Harapan kita, pengalaman Barat jangan sampai diimpor ke dunia Islam. Jika tidak, akan lahir generasi Indonesia faith without religion (percaya \`Tuhan\` tanpa beragama) sebagaimana telah menjadi tren di Barat. Sampai saat ini anak-anak muda Liberal masih dalam taraf ber-NU atau ber-Muhammadiyah tanpa syari\`at. Ini tidak bisa dibiarkan begitu saja. Jika syari\`at dimarginalkan, tak lama Tuhan pun akan didegradasi. Seperti yang dikatakan oleh Nicholas F.Gier, Tuhan tidak perlu mencampuri urusan individu manusia. Manusia adalah segalanya bisa menentukan perbuatannya.

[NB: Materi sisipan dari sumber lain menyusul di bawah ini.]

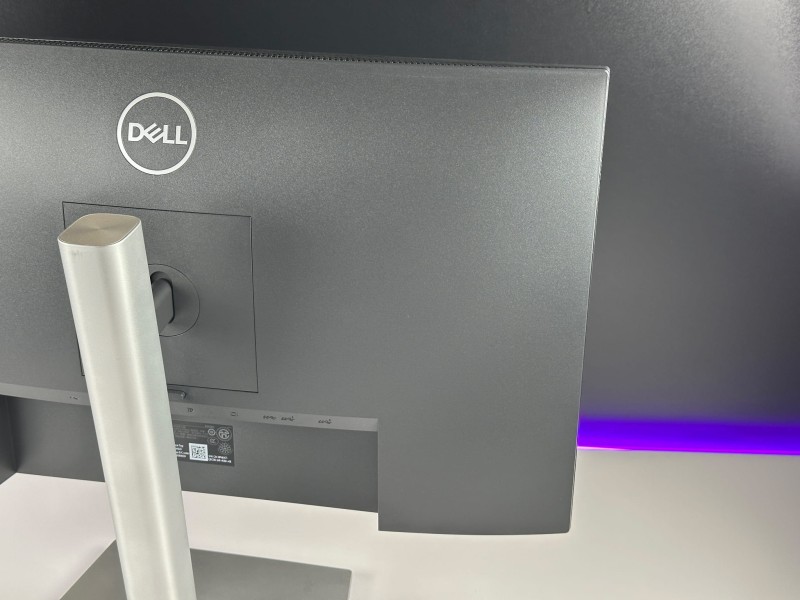 DELL P2422H 23.8 FHD – ergonomiczny monitor z czytelnym obrazem i funkcją ComfortView Plus, idealny do pracy biurowej i domowego stanowiska (3).JPG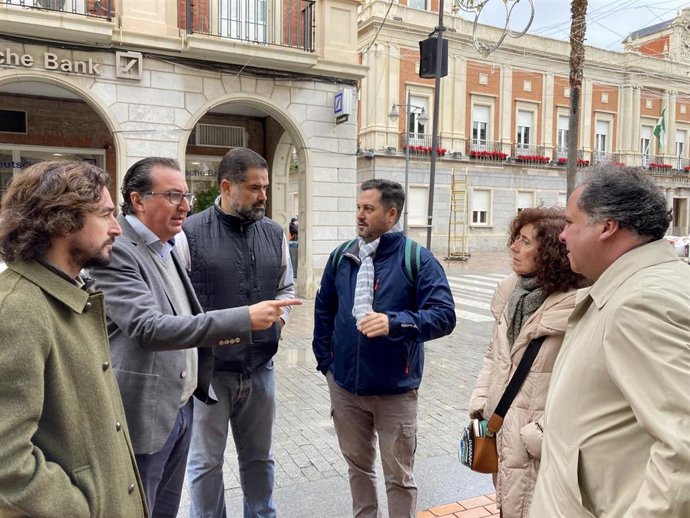 El presidente del PP de Huelva, Manuel Andrés González, junto a otros miembros de la formación.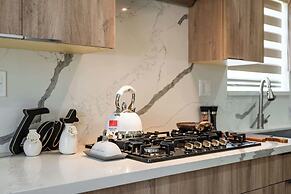 Modern Private Home w Full Kitchen & Parking
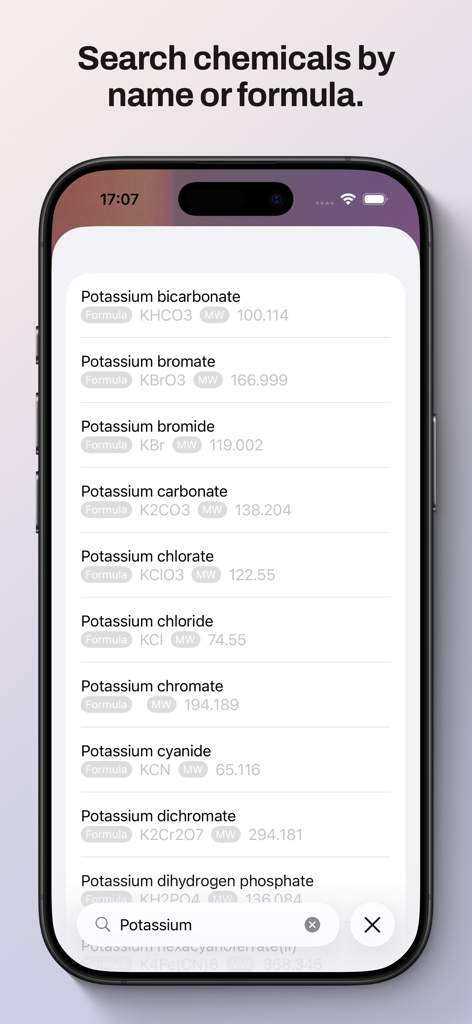 Lab Mate — Molarity & Dilution - Lab Mateアプリに、化学式と分子量を持つカリウム化合物のリストが表示されているスマートフォンの画面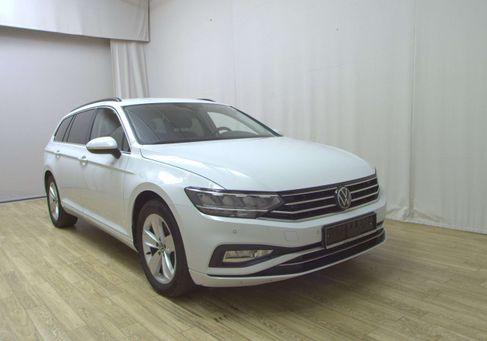 Volkswagen Passat Variant, 2023 3
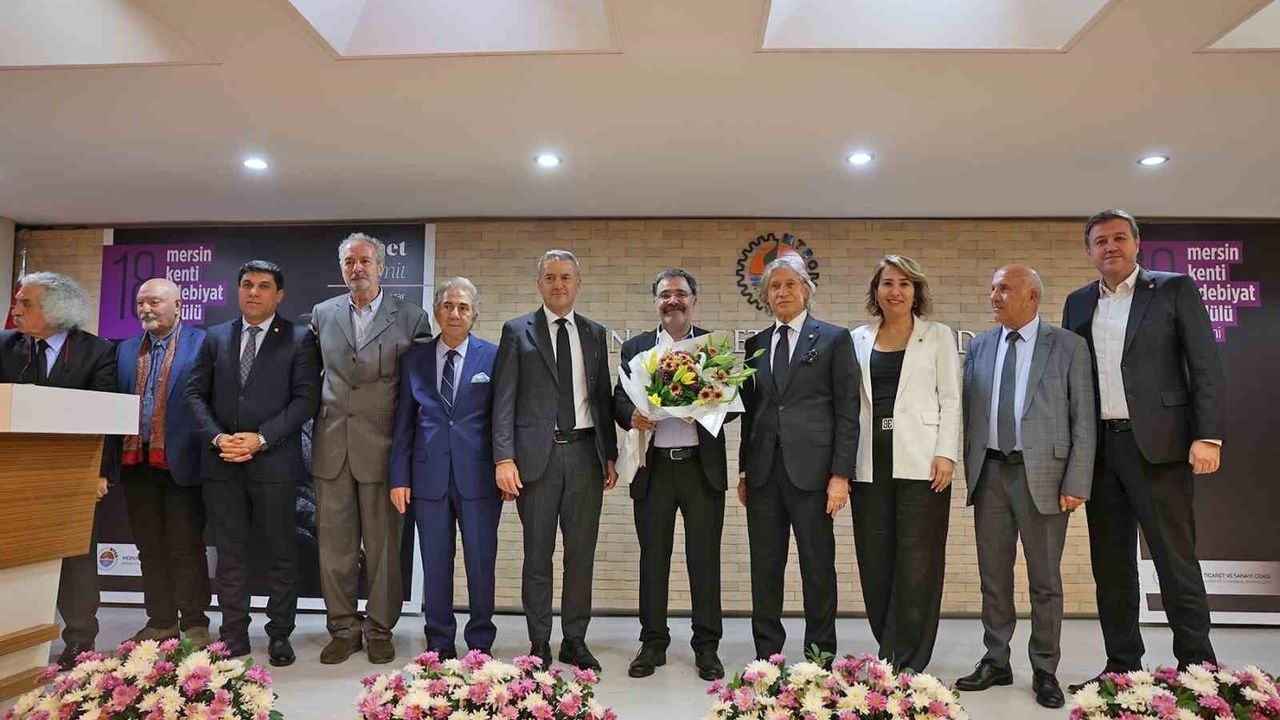 Ahmet Ümit, Mersin Kenti Edebiyat Ödülü'nü Kazandı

Bagi Islam Liberal, liberalisme dan pluralisme adalah solusi menciptakan toleransi. Sebagaimana dikatakan Budhy Munawar Rahman, tokoh Liberal, dalam situs www.Islib.com tahun 2000 : ”bahwa kerukunan umat beragama dapat dicapai jika para pemeluk agama menganut -- dan mengembangkan -- teologi pluralis atau teologi inklusi\"f. Padahal liberalisme dan pluralisme bila dikaji secara mendalam dan kritis, bukanlah solusi cerdas untuk membangun toleransi beragama.
Toleransi dalam konsepsi Islam tidak sampai mengorbankan aspek teologi. Islam mengakui perbedaan dan identitas agama-agama, namun tidak berarti membenarkan semuanya. Surat Al-Kafirun memberi pemahaman bahwa bermacam agama itu tidak bisa disatukan. Dari sinilah konsep toleransi terbentuk. Islam membiarkan agama lain menjalankan ritual agama – selama tidak mengganggu agama Islam – namun tidak mentolelir persamaan agama (lakum dinukum wa liyadin). Hatta pada level esoteris – yang menurut Frithjof Shuon agama-agama dapat dipertemukan pada level ini – tiap agama memiliki warna dan konsep yang berbeda. Inilah konsep Islam, menawarkan toleransi tanpa mengorbankan pereduksian agama-agama. Jika dengan konsep Islam, toleransi bisa dibangun, mengapa harus mengambil paham liberal dan pluralis.